L’exemple de l’industrie automobile le montre donc : la formation professionnelle existe évidemment dans les entreprises. Mais en l’état actuel des rapports de force, elle est prioritairement un instrument dont les employeurs font usage en fonction de leurs besoins. Ceux-ci coïncident fort peu avec ceux des salariés les moins formés et qualifiés. Dans le même temps pourtant, la nouvelle donne managériale s’accompagne de l’émergence du discours sur la Formation Tout au Long de la Vie et de l’injonction faite aux salariés de se former en vue d’assurer leur propre employabilité. Voir dans cette assertion une contradiction serait une erreur. Loin d’être contradictoire, ces deux problématiques s’additionnent :il s’agit d’inciter (de contraindre) le salarié a toujours chercher à améliorer son niveau de compétence (par le recours à la formation tout au long de la vie) mais d’autre part, le déséquilibre dorénavant structurel (et pour une période indéterminée) entre offre et demande d’emplois aboutit au fait que de toute façon le nombre de salariés disponibles – et dotés d’un niveau de compétences suffisant – permet aux firmes de trouver la main-d’œuvre nécessaire là où elles en ont besoin, aux conditions de salaires qui leur convient.
Cette injonction permanente à l’auto contrôle et à l’évaluation de soi pénètre et instrumentalise les consciences et les conduites des salariés. Il ressort de beaucoup de nos entretiens que l’attitude des salariés à l’égard de ces injonctions à accroître leur employabilité par la formation est à la fois diverse, évolutive… et ambivalente. Une grande partie de l’explication tient au contexte : objet d’attentes considérables mais aussi de doutes, de méfiance, de crainte d’être manipulé et en tous cas d’interrogations majeures. A quoi cela va-t-il servir et pourquoi y avoir recours ? S’agit-il d’éviter l’exclusion, d’accroître la compétitivité, de participer de la nouvelle normalité salariale, d’améliorer une trajectoire professionnelle dont on serait désormais seul responsable ? Mais quelles institutions peuvent en garantir la pertinence ? Que peut et que vaut en somme la formation à l’employabilité ? De fait une telle formation sous influence ne peut être dissociée des rapports sociaux dans lesquels elle s’insère et qu’elle tend également à constituer. Même si elle ne se réduit pas à cela, la formation professionnelle contribue à l’insertion dans les rapports sociaux de travail existants. Et ceux-ci restent – en tant que rapport d’exploitation et de domination – soumis à des contradictions majeures en même temps qu’à des remises en cause et des résistances. Comment pourrait-il en être autrement dans les nombreuses situations où les « plans de formation » ne sont que de simples alibis plus ou moins décoratifs accompagnant les plans dits sociaux qui mettent à la rue les salariés par voie de fermetures d’entreprise et de délocalisation. Mais plus largement, y compris parmi les couches de salariés comme les cadres soumis au recours intensif à toutes sortes de « coaching », le doute et la perplexité gagnent du terrain.
Ce mouvement ne se fait cependant pas de façon homogène et linéaire : dans un rapport de force dégradé et avec des collectifs de travail déstabilisés, il n’est guère surprenant qu’un salariat fragmenté et précarisé peine à reprendre la main. Mais chacun ressent en même temps plus ou moins confusément que les ressources de la formation professionnelle peuvent excéder dans leur contenu et leur finalité l’horizon de rapports sociaux précisément encadrés et bridés par le carcan de l’employabilité. L’employabilité devient ici outil de contrôle social des salariés, qu’ils soient à un bout de la chaîne de qualification, sommés à travers la négation de leur propre qualification de devenir responsable de leur destin sur le ma rché de l’emploi, ou bien au contraire, participant à la couche la plus qualifiée du salariat et largement bénéficiaire de formations, contraints d’assumer la remise à niveau de leurs « compétences » malgré et contre les autres salariés.

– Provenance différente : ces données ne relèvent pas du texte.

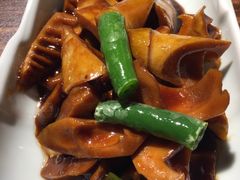 -金枝玉叶上海人家食府(三里河店)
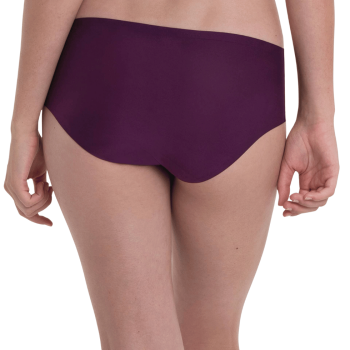 ANI1342.121 - Slip Essentials liscio e invisibile - purple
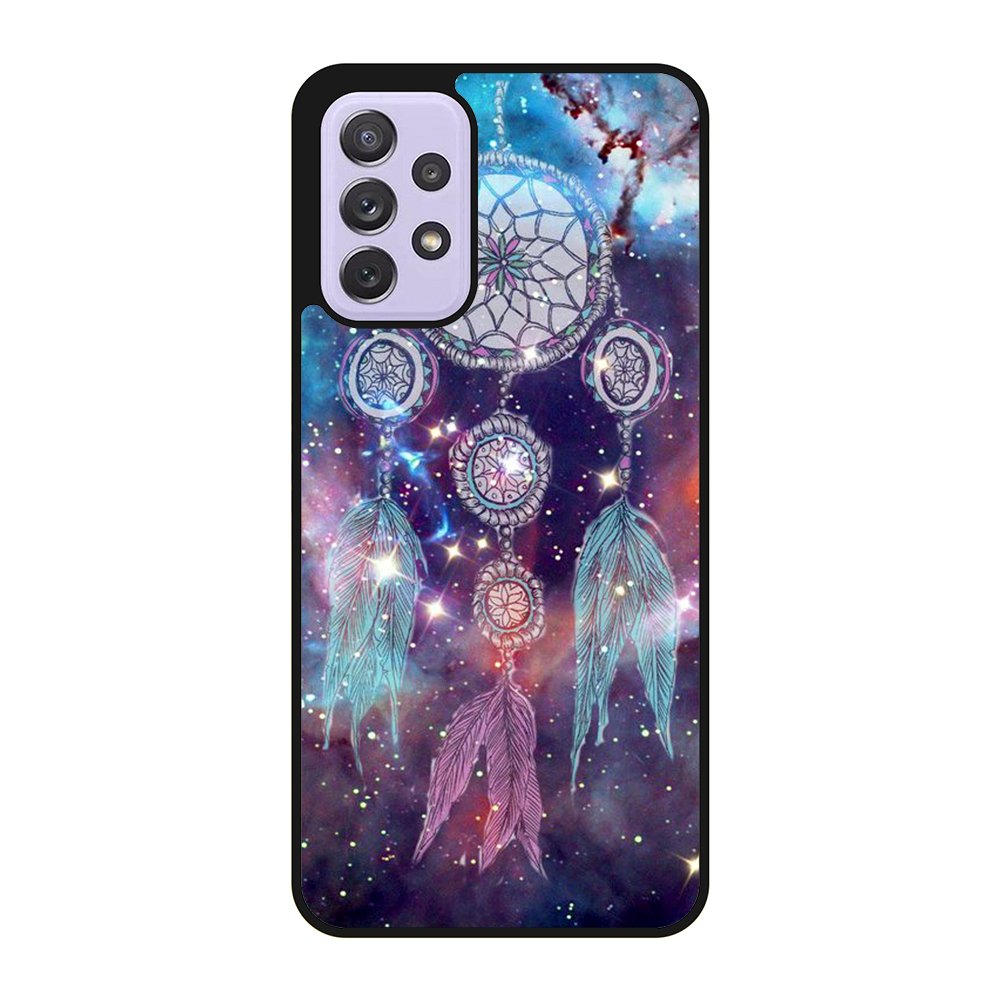 Dream Catcher in Galaxy Samsung Galaxy A23 5G Case BC1107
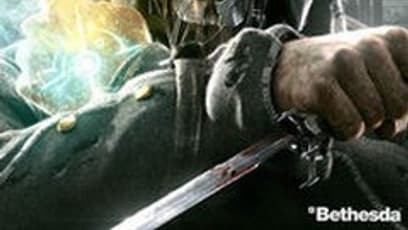 Dishonored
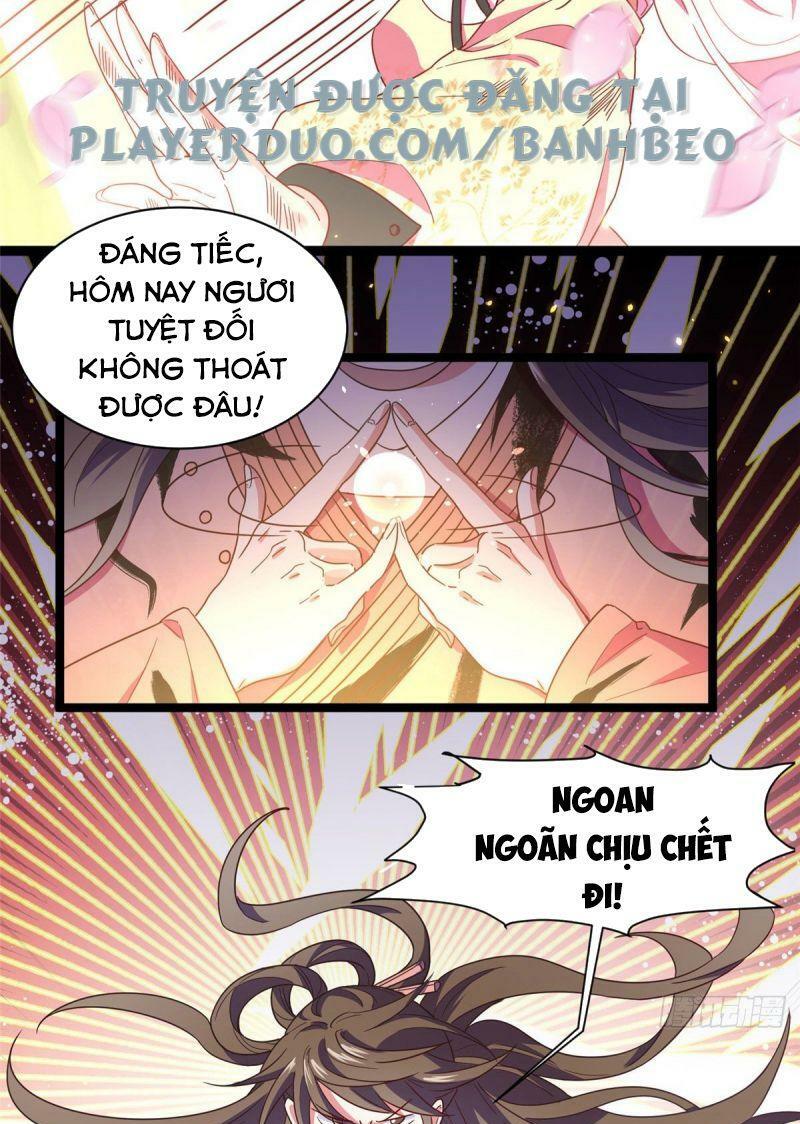 Bạo Manh Tiểu Tiên: Chapter 6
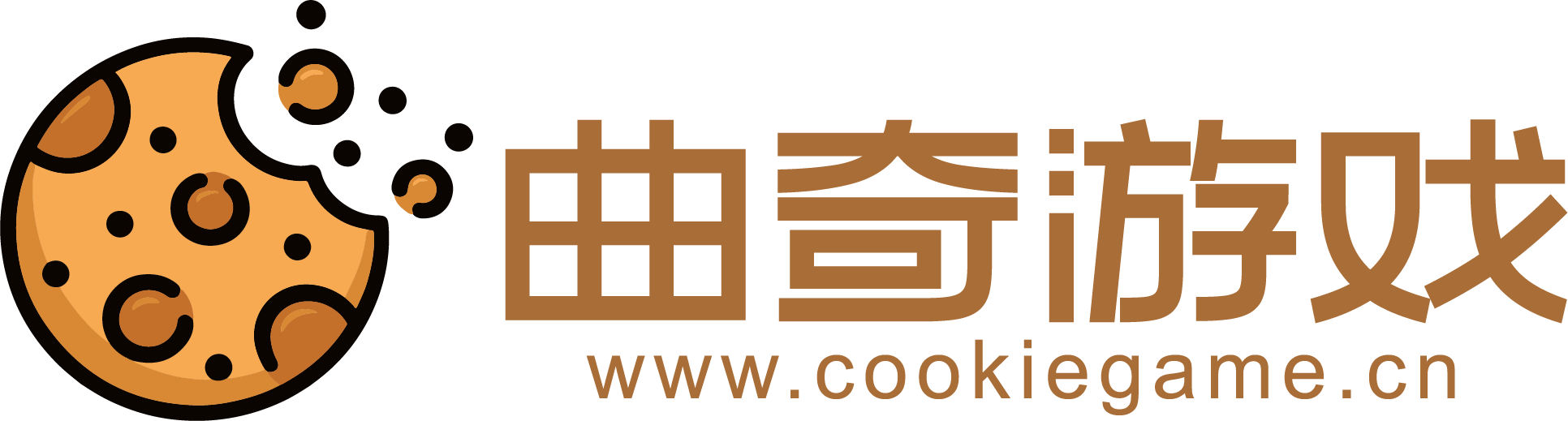 曲奇游戏-Cookiegme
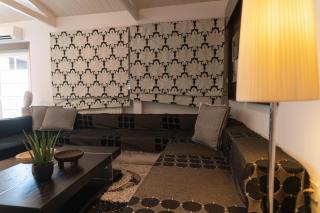 Pico Urban Apartment 5 - 6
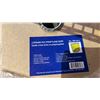 Image 2 : SPOOL OF *NEW* WESTWARD 3 STRAND PROPYLENE ROPE: 1/4" X 1310' / NO. RP14YJ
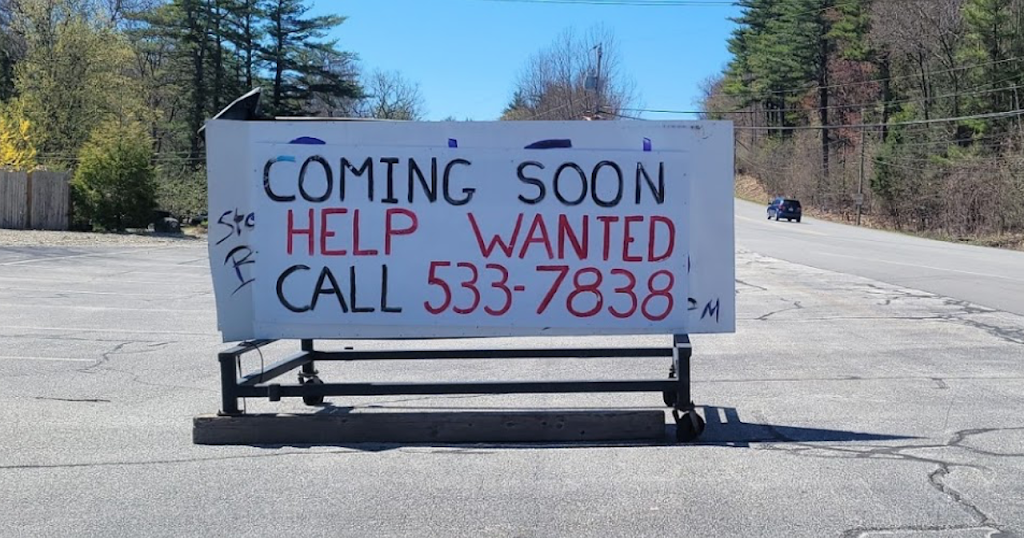 Shermans Pit Stop | restaurant | 944 Gibbons Hwy, Wilton, NH 03086, USA | 6036542600 OR +1 603-654-2600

Déconstruire l’employabilité pour construire un usage commun de la formation

L’employabilité devient système de pensée et de gouvernement des conduites. Elle recouvre un système hégémonique qui vise à éliminer les conditions d’une réflexion critique. Contribuer à penser l’alternative suppose d’identifier clairement ces formes de contrôles et de « gouvernement » de la formation professionnelle continue. Le marché de la formation professionnelle continue, produit de la loi de 1971, a inscrit l’ensemble de ce domaine dans celui de l’utilité immédiate et de la concurrence, marquant le contrôle patronal sur ce champ et permettant l’assimilation de cette logique de l’employabilité. L’entreprise, mise en avant dans les années 1980 comme forme sociale devant « sauver » la société, a suivi le même processus, comme nous l’avons vu à propos de l’automobile. Les régions enfin, de par leur mission particulière dans le domaine de l’emploi et le manque de regard critique de la société, ont été particulièrement perméables à la pression idéologique visant à assimiler emploi et employabilité. Ces formes structurantes de la formation professionnelle continue se sont donc révélées tour à tour ou ensemble les vecteurs de cette employabilité comme nouvelle norme de pensée qui s’approprie le champ du pouvoir. Le retour critique sur ces formes institutionnelles est d’autant plus nécessaire pour avancer des pistes nouvelles.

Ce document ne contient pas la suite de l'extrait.